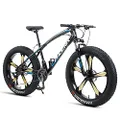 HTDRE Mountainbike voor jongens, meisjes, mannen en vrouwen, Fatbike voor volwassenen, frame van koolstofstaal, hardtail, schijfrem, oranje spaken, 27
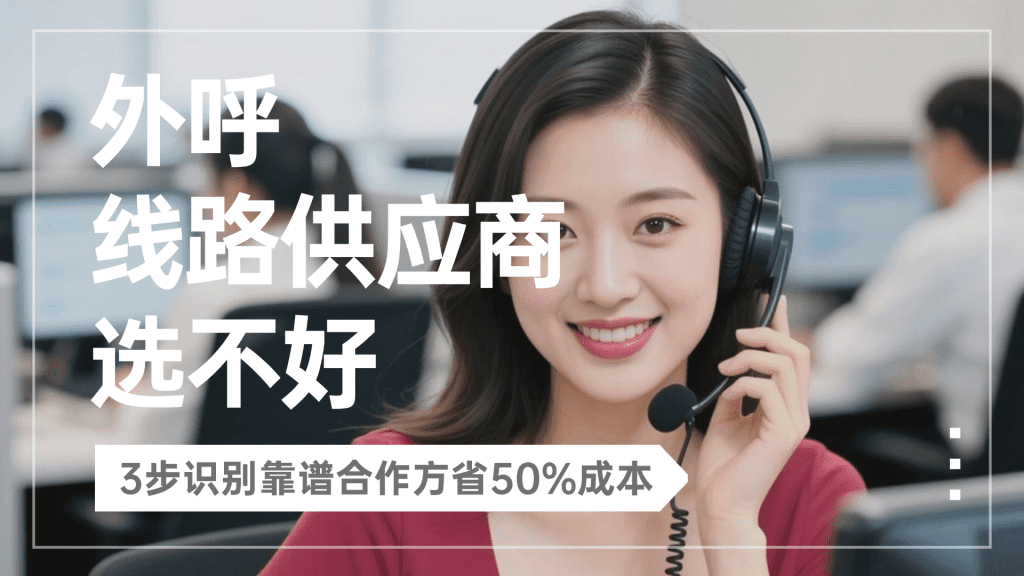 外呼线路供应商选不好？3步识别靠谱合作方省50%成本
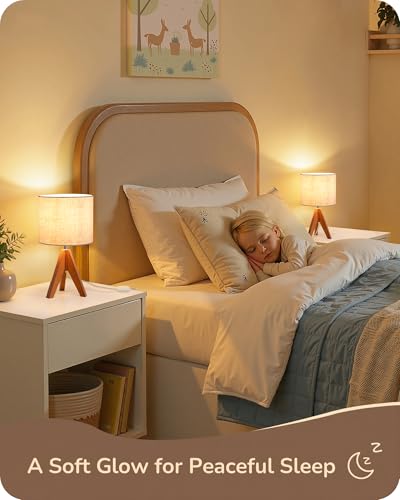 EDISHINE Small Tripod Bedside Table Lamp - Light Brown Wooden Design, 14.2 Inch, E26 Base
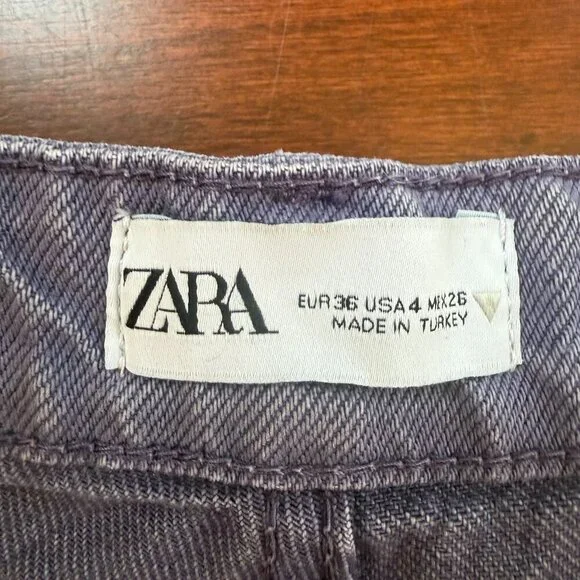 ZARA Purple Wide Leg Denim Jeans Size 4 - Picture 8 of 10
※
### DIRECTIONS FOR THIS TASK:
The whole listing above should be restated word for word, minus any images.

### ANSWER TO THE EXERCISE:
 HTDRE Mountainbike voor jongens, meisjes, mannen en vrouwen, Fatbike voor volwassenen, frame van koolstofstaal, hardtail, schijfrem, oranje spaken, 27
 外呼线路供应商选不好？3步识别靠谱合作方省50%成本
 EDISHINE Small Tripod Bedside Table Lamp - Light Brown Wooden Design, 14.2 Inch, E26 Base
 ZARA Purple Wide Leg Denim Jeans Size 4 - Picture 8 of 10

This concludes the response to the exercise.